_Your objective:_ Only one stretch of the data should be retyped: the lines from the line containing "Repair in the" through the line containing "благоустройство, всероссийское голосование, парк". Keep pictures out of it.

_Source material:_
============
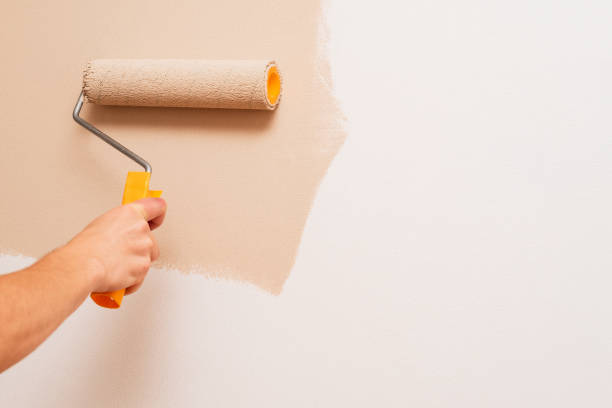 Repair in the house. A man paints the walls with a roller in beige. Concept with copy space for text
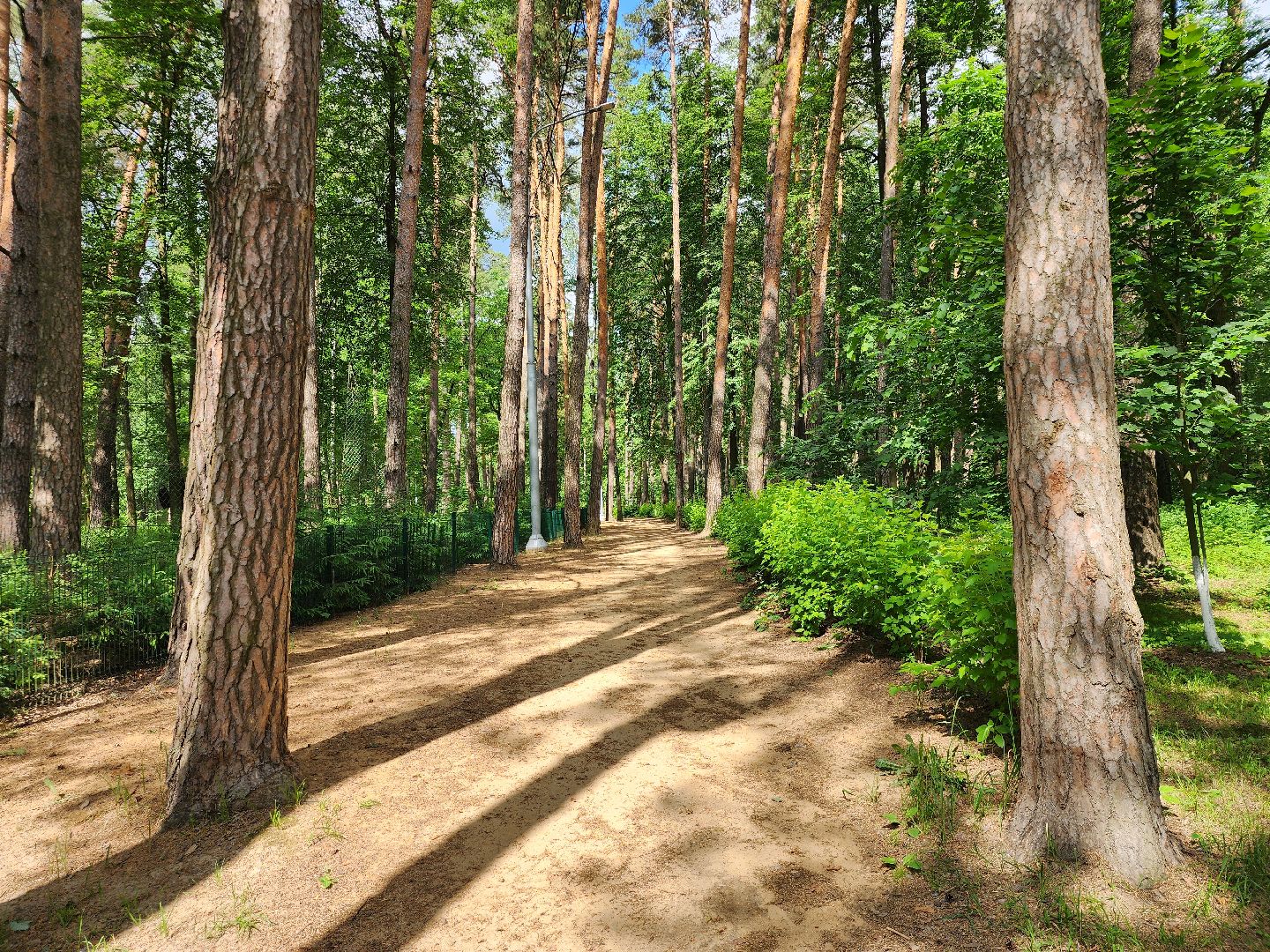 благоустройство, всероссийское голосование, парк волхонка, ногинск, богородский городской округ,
============
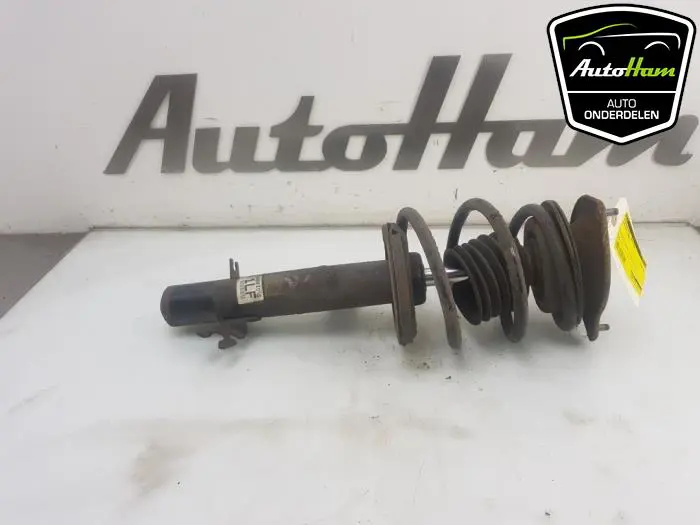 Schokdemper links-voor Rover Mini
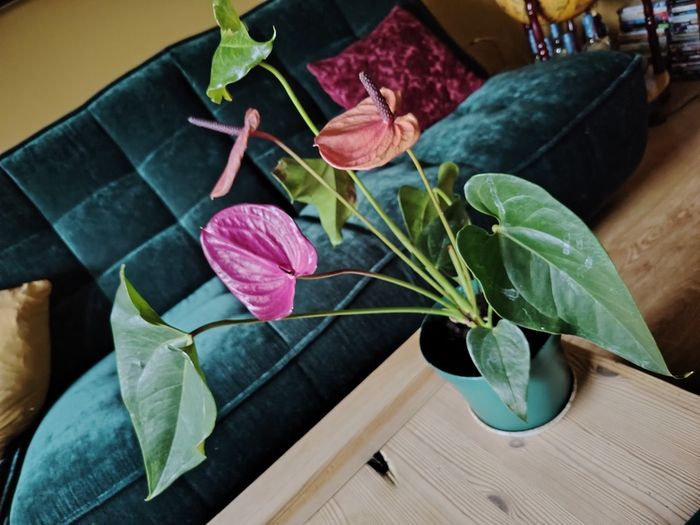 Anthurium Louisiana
============
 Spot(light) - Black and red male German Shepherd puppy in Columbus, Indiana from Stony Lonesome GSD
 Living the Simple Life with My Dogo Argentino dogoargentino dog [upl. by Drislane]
============
_Response box:_
 Repair in the house. A man paints the walls with a roller in beige. Concept with copy space for text
 благоустройство, всероссийское голосование, парк волхонка, ногинск, богородский городской округ,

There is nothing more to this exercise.